(Provided material)
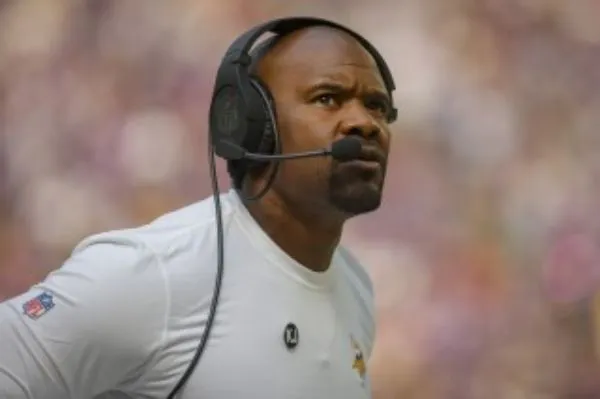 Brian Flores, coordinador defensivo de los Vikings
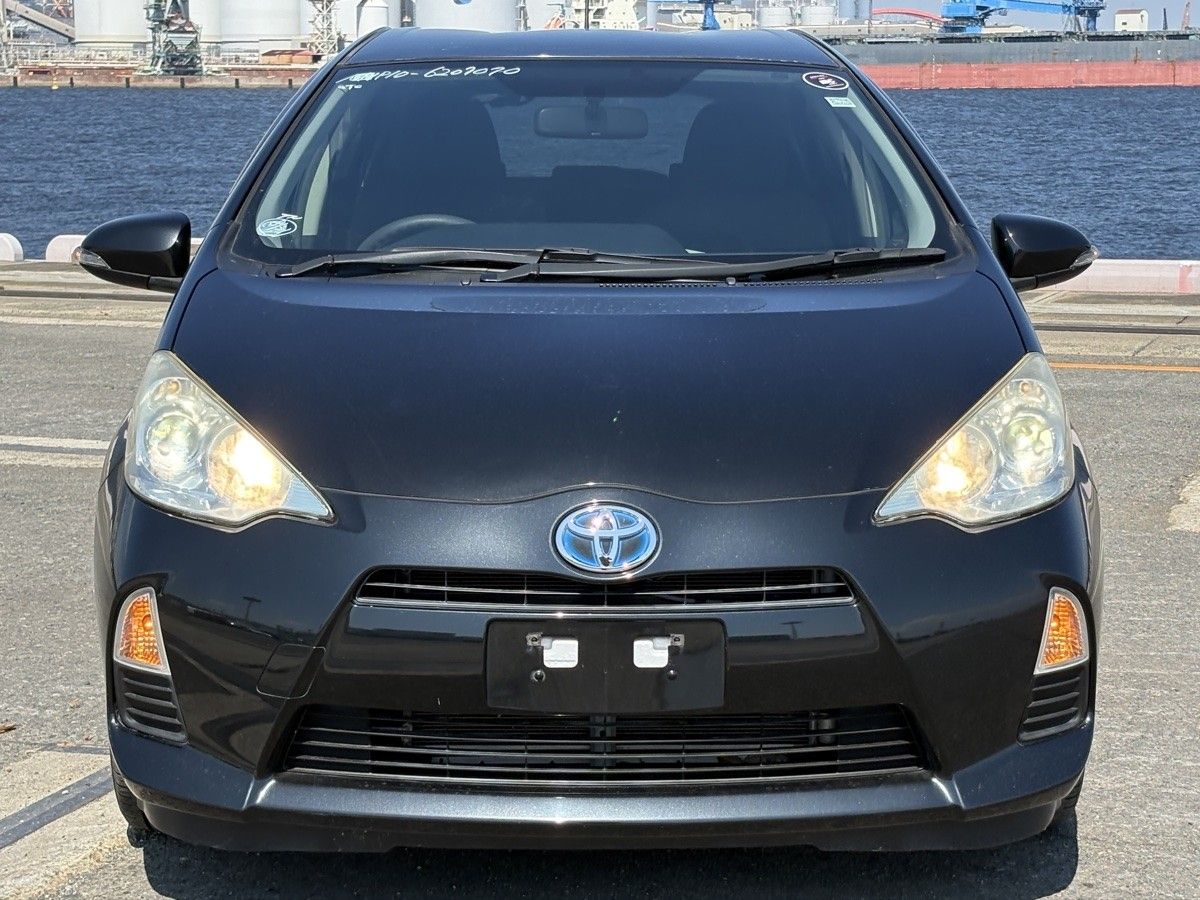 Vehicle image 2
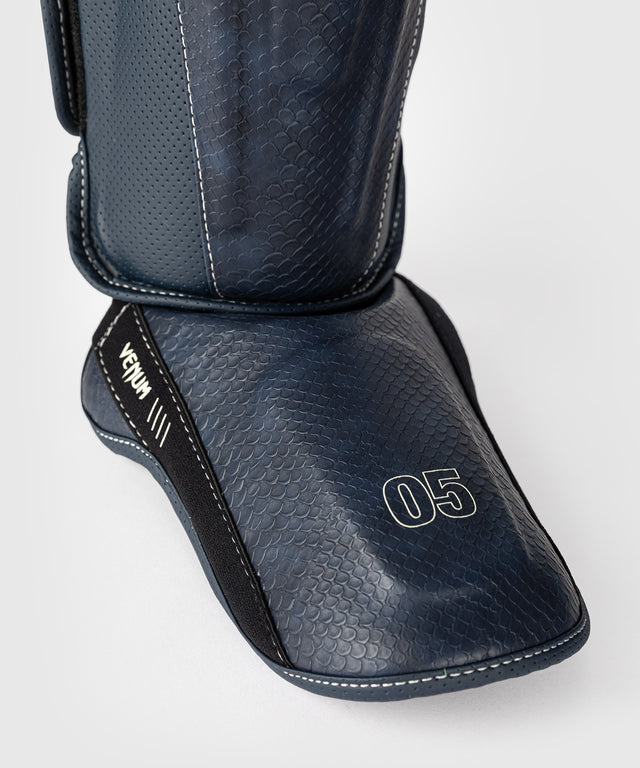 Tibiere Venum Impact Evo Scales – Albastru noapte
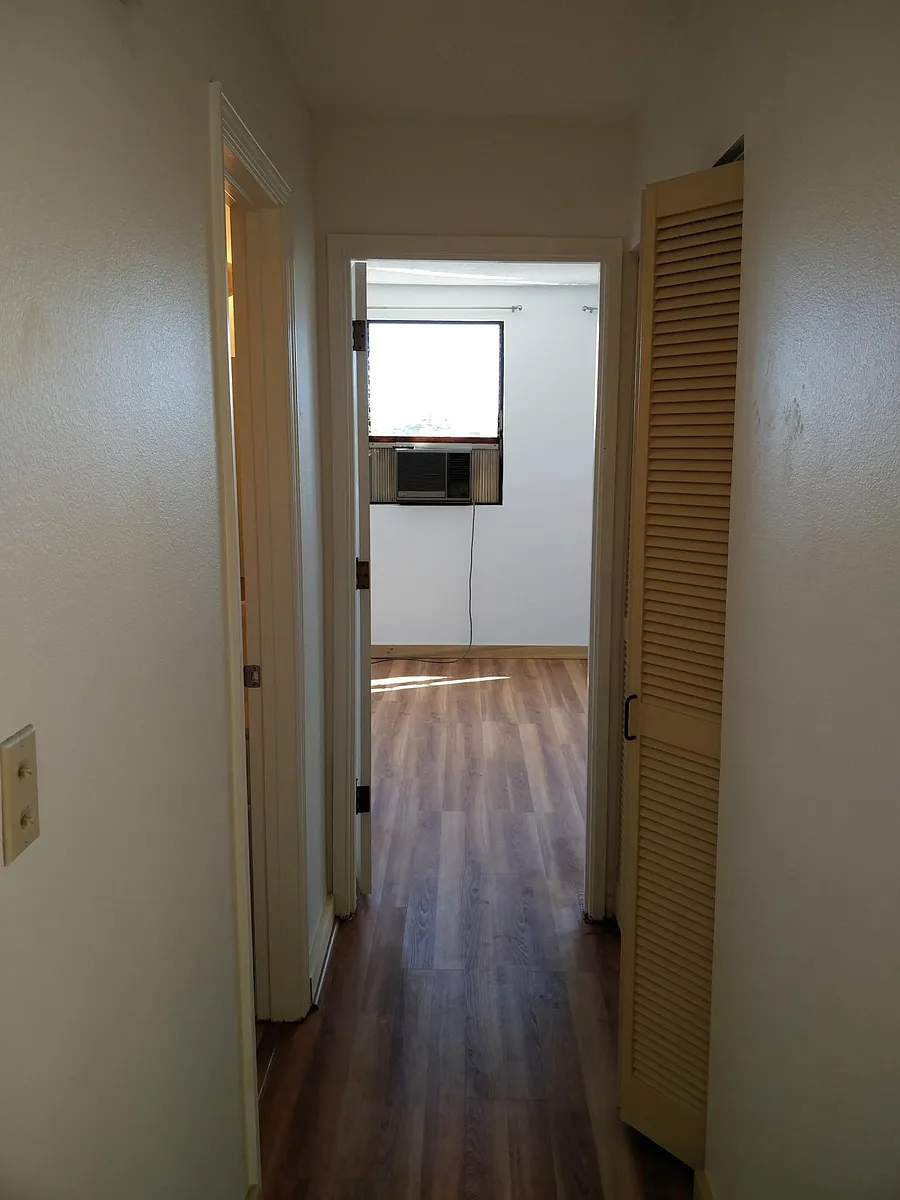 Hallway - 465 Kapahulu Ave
(End Provided material)
Directions for this task: The entire listing above, minus its pictures, should be copied out exactly.

Your response:
 Brian Flores, coordinador defensivo de los Vikings
 Vehicle image 2
 Tibiere Venum Impact Evo Scales – Albastru noapte
 Hallway - 465 Kapahulu Ave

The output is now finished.